_Work instructions_. Find the line with "Closeup of arms" in the entries below. Repeat it, every following line, and the line with "Nahaufnahme eines wütenden", exactly and with nothing added.

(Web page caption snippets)
□ □ □ □

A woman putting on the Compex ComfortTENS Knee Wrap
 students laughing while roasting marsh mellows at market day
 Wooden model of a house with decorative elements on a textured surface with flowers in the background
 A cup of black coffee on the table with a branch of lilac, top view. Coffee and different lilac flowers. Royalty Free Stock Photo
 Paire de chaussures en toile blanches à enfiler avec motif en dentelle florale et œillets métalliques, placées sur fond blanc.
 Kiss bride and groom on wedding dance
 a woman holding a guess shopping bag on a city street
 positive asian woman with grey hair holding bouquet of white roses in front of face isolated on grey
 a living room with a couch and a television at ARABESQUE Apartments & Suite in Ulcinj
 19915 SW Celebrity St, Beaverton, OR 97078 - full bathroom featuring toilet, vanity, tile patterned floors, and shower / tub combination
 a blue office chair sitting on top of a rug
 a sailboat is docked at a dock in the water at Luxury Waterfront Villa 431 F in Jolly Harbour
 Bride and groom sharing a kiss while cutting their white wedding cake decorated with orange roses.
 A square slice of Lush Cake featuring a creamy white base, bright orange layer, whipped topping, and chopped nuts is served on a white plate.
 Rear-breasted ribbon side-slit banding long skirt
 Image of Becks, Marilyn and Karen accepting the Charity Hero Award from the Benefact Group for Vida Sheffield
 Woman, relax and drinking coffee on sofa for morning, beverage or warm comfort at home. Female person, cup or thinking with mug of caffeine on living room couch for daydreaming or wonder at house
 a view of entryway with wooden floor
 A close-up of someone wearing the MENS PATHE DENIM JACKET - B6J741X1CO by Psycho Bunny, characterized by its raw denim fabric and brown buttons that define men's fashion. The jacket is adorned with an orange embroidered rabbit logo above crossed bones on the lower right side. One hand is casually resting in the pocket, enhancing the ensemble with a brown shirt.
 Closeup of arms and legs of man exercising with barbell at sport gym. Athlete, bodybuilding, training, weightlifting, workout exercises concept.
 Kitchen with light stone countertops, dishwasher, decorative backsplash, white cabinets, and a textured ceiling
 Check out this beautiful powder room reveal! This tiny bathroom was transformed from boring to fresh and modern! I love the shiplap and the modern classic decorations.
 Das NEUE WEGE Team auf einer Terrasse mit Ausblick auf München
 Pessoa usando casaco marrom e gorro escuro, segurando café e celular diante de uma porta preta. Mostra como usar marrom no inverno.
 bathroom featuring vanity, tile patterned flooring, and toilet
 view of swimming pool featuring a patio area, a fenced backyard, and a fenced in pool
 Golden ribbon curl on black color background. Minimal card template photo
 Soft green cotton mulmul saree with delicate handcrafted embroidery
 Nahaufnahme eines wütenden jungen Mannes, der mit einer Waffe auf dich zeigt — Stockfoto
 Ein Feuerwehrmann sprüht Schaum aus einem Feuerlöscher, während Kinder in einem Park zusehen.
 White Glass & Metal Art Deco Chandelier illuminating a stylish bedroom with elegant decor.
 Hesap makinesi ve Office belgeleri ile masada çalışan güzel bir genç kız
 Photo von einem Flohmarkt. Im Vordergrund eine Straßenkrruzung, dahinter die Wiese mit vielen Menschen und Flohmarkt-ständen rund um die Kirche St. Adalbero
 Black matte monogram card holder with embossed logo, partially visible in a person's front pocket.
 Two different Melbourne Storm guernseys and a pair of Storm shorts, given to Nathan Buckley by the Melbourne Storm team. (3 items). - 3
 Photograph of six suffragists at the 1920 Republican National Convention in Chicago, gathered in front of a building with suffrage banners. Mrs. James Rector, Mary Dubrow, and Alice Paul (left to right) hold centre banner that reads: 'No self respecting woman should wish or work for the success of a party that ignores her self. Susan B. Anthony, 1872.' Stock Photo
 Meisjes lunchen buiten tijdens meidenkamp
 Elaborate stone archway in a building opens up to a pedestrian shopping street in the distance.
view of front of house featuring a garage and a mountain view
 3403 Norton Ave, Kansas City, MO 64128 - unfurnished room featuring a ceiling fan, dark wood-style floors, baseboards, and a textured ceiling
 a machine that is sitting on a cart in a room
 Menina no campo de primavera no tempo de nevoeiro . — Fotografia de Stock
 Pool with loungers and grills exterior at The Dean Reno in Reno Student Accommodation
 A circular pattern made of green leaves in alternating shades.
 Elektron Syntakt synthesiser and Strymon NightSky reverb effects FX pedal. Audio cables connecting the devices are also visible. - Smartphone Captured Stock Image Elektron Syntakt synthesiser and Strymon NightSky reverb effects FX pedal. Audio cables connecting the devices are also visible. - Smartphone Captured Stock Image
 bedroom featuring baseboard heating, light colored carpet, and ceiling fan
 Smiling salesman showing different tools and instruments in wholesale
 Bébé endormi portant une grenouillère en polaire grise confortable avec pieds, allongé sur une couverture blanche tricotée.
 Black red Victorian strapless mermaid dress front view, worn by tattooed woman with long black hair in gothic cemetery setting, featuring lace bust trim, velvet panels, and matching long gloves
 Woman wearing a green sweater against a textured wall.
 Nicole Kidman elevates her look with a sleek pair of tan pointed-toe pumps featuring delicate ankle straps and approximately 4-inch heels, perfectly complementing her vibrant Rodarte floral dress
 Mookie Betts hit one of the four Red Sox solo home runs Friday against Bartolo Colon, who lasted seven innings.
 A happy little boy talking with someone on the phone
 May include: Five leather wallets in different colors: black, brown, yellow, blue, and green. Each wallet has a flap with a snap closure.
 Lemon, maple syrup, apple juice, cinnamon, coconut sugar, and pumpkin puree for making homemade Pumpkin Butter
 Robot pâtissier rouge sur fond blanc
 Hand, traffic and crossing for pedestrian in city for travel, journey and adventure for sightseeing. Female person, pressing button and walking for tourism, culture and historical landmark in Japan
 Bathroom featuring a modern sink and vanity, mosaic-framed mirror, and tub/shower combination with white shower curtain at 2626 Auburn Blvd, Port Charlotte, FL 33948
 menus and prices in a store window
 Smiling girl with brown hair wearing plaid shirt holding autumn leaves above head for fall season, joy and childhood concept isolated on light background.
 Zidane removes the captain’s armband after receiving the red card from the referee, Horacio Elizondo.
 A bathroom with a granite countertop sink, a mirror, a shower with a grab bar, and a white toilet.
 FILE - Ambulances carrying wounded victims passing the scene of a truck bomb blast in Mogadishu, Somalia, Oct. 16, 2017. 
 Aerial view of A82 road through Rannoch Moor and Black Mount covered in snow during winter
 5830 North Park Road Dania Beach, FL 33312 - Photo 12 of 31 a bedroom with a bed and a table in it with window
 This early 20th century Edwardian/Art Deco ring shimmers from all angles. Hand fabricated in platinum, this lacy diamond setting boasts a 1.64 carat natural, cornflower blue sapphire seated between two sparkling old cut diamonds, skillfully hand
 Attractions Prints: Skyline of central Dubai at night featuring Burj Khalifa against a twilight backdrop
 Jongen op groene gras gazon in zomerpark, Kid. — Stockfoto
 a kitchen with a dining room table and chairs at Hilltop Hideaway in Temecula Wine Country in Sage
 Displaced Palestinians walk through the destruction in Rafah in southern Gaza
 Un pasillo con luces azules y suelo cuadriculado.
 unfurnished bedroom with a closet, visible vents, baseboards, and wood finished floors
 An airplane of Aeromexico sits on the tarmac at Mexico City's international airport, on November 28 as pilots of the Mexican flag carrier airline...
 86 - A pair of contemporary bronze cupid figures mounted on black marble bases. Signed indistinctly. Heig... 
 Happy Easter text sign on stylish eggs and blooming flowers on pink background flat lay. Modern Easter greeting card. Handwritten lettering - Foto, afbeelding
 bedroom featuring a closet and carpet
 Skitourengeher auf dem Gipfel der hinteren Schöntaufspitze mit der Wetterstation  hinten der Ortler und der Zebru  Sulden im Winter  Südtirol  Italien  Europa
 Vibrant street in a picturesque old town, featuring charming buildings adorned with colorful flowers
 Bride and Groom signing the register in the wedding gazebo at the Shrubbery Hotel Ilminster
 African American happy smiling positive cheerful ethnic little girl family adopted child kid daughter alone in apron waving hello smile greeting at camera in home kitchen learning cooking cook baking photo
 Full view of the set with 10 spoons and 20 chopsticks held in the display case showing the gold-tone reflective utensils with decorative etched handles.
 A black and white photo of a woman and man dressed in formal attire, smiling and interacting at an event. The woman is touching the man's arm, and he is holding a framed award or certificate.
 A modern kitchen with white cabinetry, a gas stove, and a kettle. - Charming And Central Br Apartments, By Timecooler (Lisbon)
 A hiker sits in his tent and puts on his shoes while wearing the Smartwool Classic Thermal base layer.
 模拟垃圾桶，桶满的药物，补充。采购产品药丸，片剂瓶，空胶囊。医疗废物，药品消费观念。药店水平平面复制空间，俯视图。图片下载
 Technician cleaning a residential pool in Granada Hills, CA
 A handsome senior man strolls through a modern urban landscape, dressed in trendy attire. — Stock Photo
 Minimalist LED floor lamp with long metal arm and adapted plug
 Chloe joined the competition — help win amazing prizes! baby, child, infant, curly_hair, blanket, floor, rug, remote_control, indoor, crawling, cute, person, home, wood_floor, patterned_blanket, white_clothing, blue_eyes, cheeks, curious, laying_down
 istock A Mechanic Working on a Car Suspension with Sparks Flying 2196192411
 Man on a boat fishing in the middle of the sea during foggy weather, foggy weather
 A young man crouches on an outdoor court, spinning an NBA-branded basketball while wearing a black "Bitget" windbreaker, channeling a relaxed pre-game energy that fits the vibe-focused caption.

□ □ □ □

_Task response_.
 Closeup of arms and legs of man exercising with barbell at sport gym. Athlete, bodybuilding, training, weightlifting, workout exercises concept.
 Kitchen with light stone countertops, dishwasher, decorative backsplash, white cabinets, and a textured ceiling
 Check out this beautiful powder room reveal! This tiny bathroom was transformed from boring to fresh and modern! I love the shiplap and the modern classic decorations.
 Das NEUE WEGE Team auf einer Terrasse mit Ausblick auf München
 Pessoa usando casaco marrom e gorro escuro, segurando café e celular diante de uma porta preta. Mostra como usar marrom no inverno.
 bathroom featuring vanity, tile patterned flooring, and toilet
 view of swimming pool featuring a patio area, a fenced backyard, and a fenced in pool
 Golden ribbon curl on black color background. Minimal card template photo
 Soft green cotton mulmul saree with delicate handcrafted embroidery
 Nahaufnahme eines wütenden jungen Mannes, der mit einer Waffe auf dich zeigt — Stockfoto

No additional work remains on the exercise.